→ Requirement:
Transcribe the whole listing without a single picture.

→ Information provided:
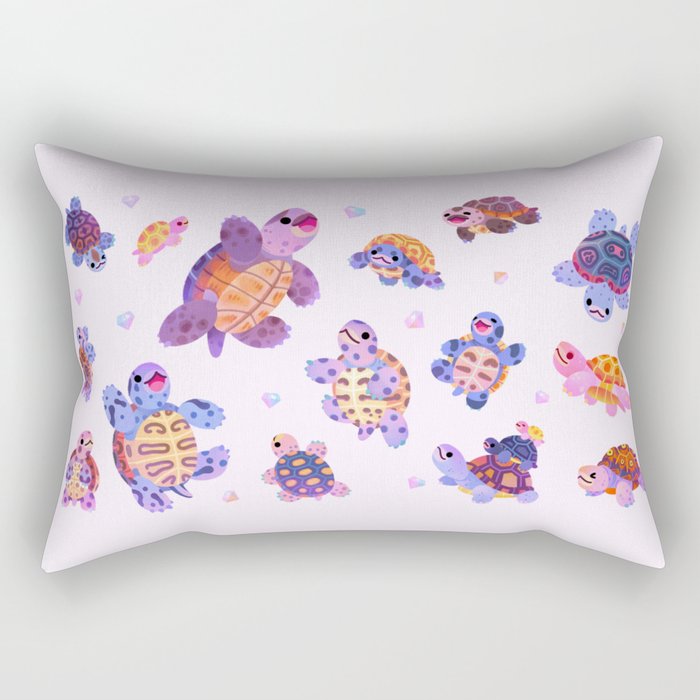 Diamondback terrapin Rectangular Pillow Gallery Image 1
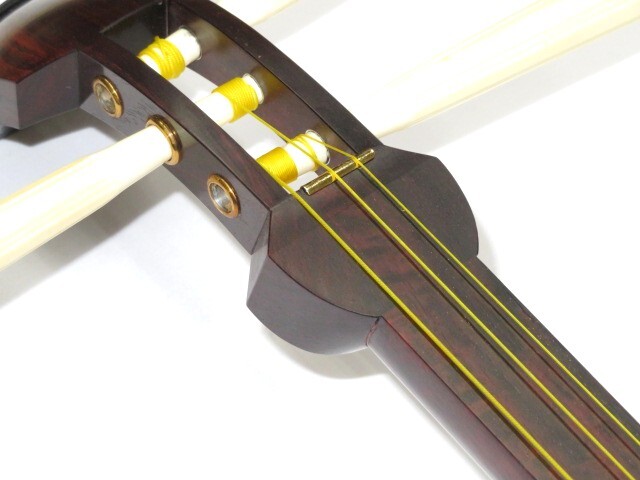 中古三味線　紅木　長唄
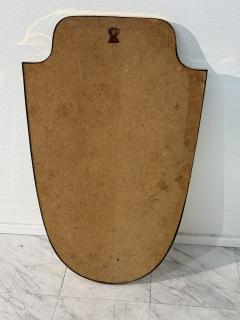 Vintage Hollywood Regency Brass Beaded Wall Mirror - 4607526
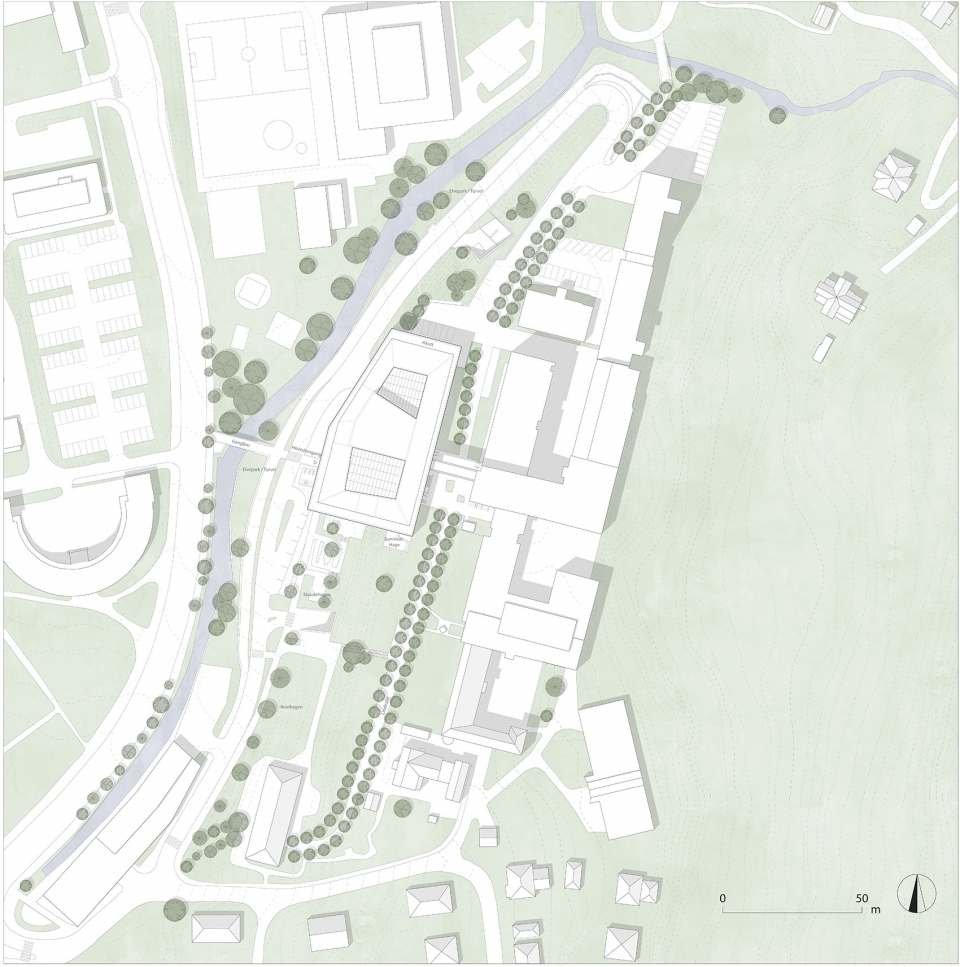 new extension to haraldplass hospital by c f moller architects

→ Answer:
 Diamondback terrapin Rectangular Pillow Gallery Image 1
 中古三味線　紅木　長唄
 Vintage Hollywood Regency Brass Beaded Wall Mirror - 4607526
 new extension to haraldplass hospital by c f moller architects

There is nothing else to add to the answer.